RECORD EXTRACTS Start Marker

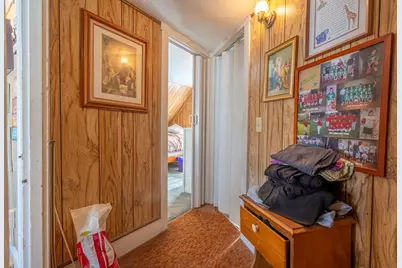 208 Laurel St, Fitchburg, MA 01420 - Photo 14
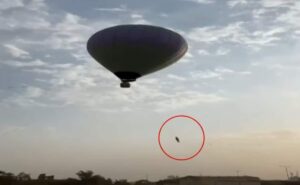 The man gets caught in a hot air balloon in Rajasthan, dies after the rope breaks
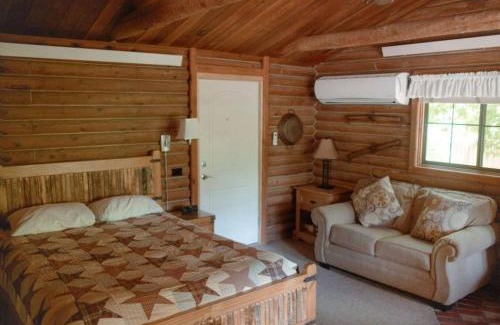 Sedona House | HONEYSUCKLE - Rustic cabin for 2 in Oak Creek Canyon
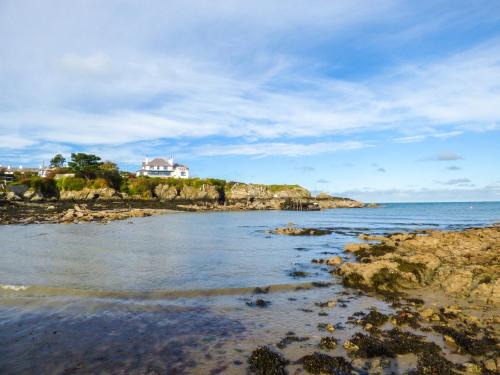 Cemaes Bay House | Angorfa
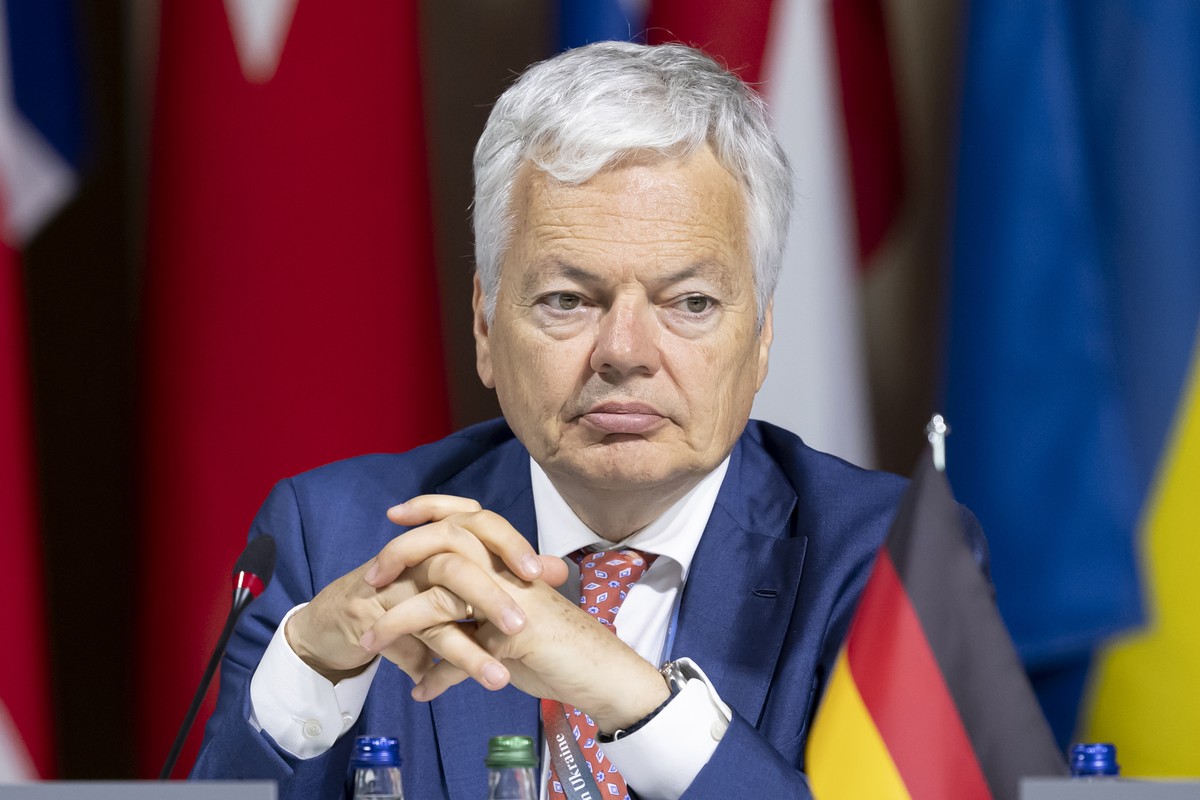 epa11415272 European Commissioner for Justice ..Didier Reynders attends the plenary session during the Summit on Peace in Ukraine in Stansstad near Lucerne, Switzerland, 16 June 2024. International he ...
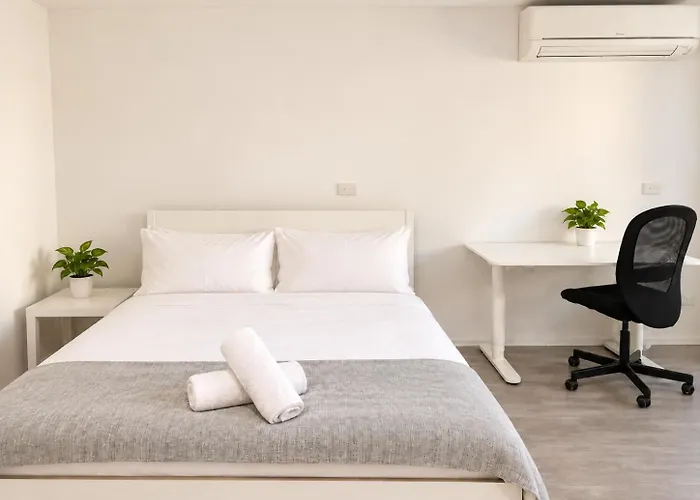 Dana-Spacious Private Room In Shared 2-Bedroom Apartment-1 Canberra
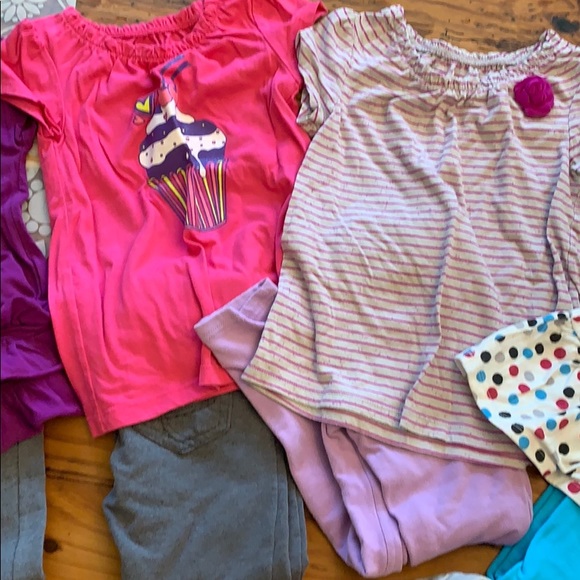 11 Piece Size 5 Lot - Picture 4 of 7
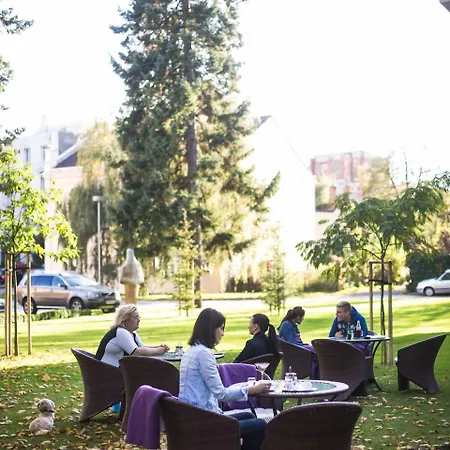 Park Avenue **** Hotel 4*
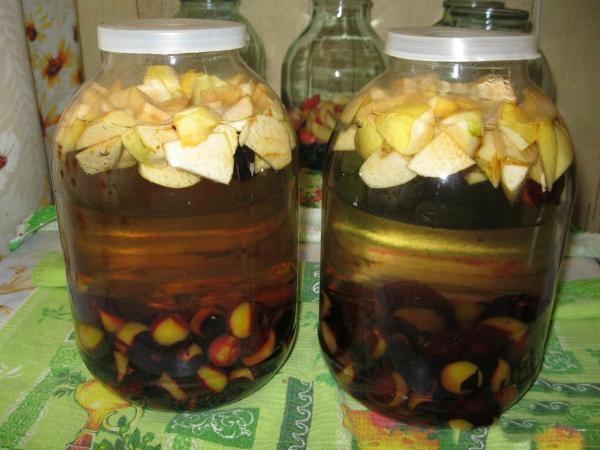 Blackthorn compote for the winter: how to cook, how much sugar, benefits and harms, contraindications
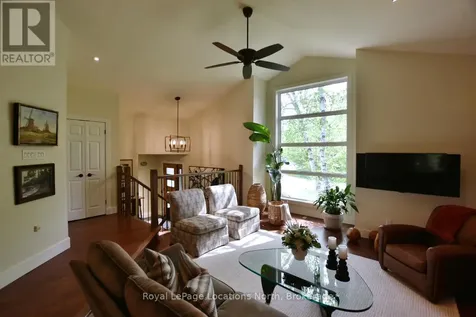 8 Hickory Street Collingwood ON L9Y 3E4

RECORD EXTRACTS End Marker
RECORD EXTRACTS Start Marker

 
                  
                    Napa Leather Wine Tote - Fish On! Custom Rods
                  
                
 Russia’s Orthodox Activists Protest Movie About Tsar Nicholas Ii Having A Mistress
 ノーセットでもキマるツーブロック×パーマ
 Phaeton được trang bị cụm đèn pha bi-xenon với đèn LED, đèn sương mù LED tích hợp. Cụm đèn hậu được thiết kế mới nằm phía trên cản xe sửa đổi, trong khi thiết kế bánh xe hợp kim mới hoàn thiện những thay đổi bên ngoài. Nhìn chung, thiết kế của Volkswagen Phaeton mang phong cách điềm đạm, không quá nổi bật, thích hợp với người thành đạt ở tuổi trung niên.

RECORD EXTRACTS End Marker
RECORD EXTRACTS Start Marker

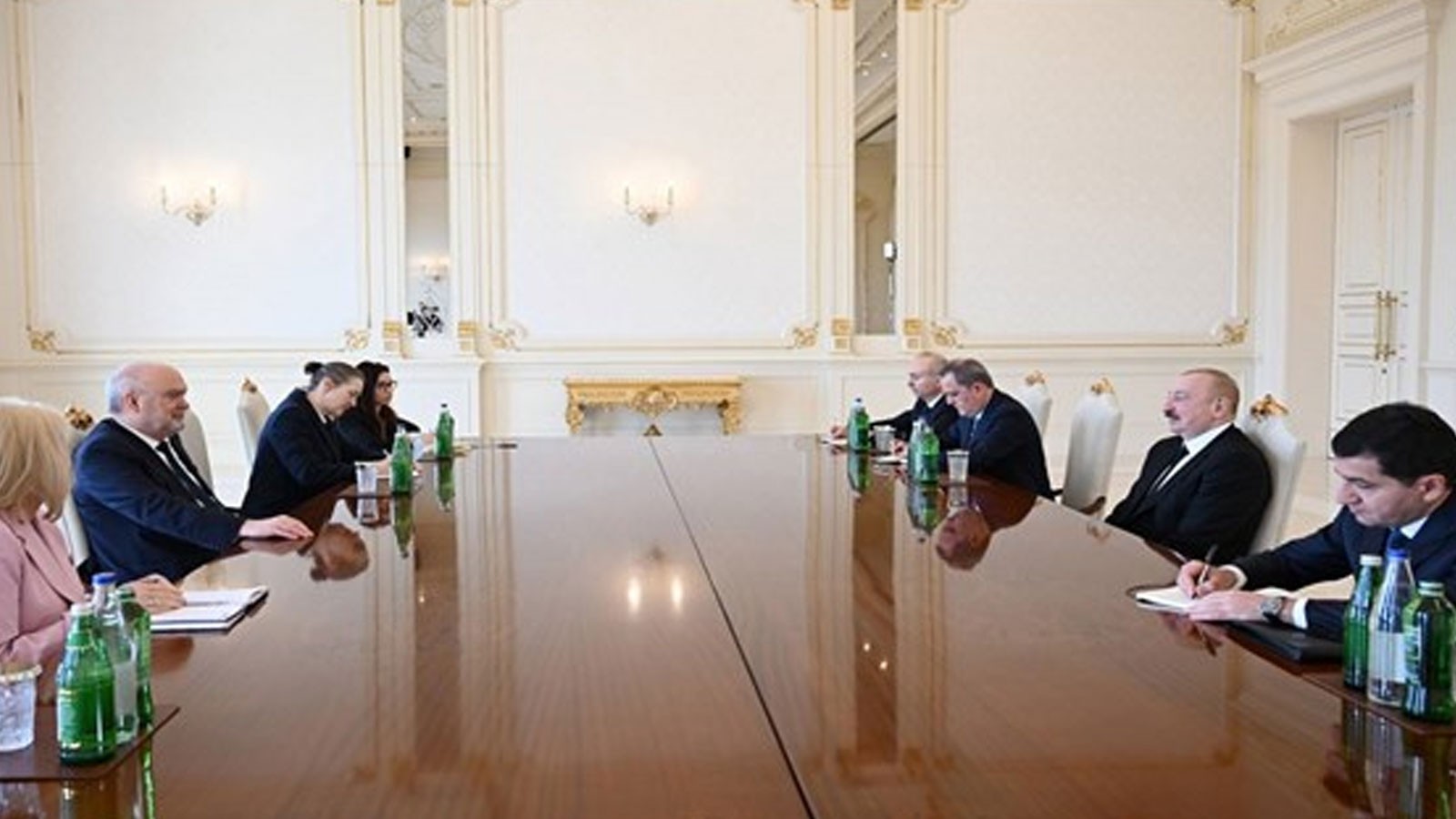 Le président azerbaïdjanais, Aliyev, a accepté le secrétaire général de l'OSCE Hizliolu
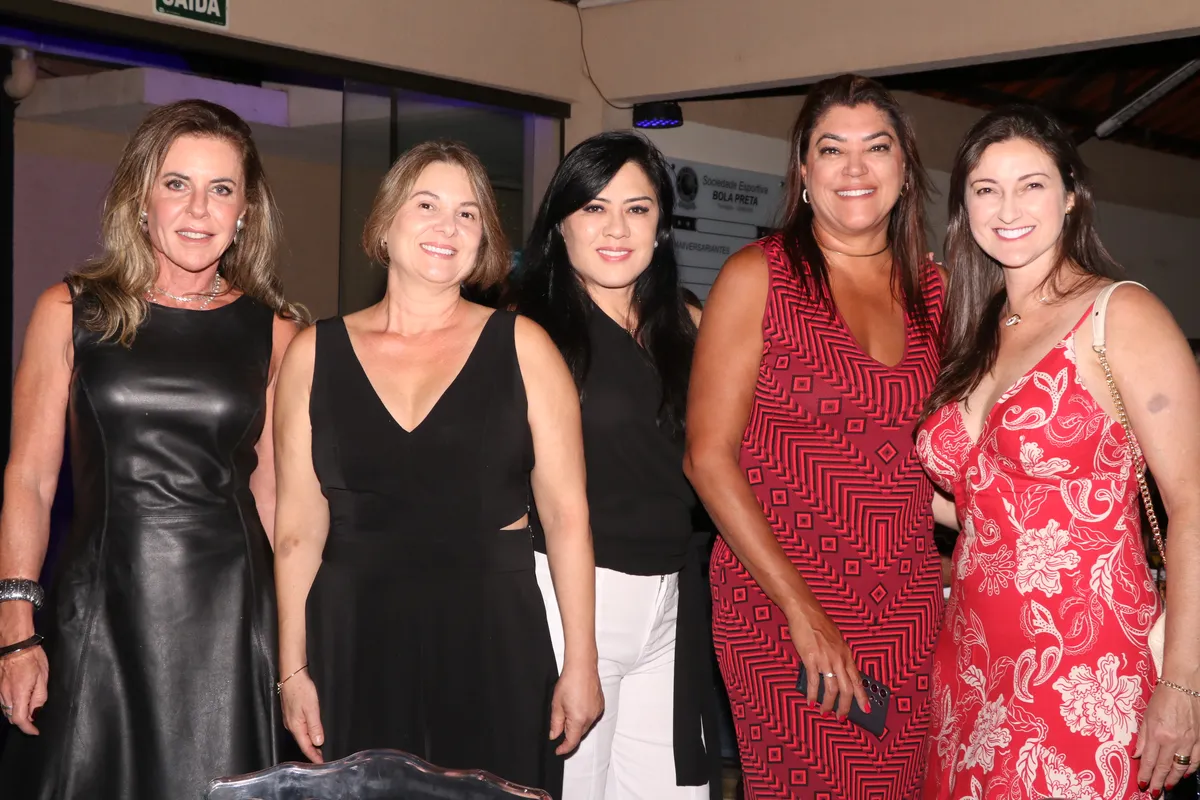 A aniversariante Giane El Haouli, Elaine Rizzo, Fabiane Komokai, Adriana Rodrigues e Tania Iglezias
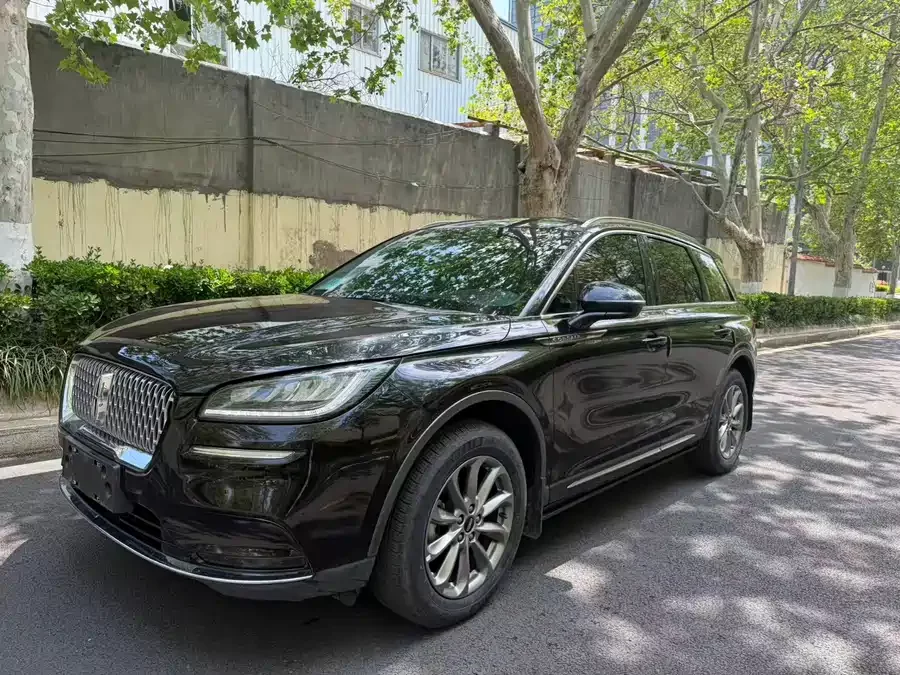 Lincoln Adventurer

RECORD EXTRACTS End Marker

- _TASK DIRECTIONS_
From the line with "Dana-Spacious Private Room" up to and including the line with "8 Hickory Street Collingwood ON L9Y 3E4" above, retype every line exactly and nothing more; leave out the pictures.

- _REPLY TO THE TASK_
 Dana-Spacious Private Room In Shared 2-Bedroom Apartment-1 Canberra
 11 Piece Size 5 Lot - Picture 4 of 7
 Park Avenue **** Hotel 4*
 Blackthorn compote for the winter: how to cook, how much sugar, benefits and harms, contraindications
 8 Hickory Street Collingwood ON L9Y 3E4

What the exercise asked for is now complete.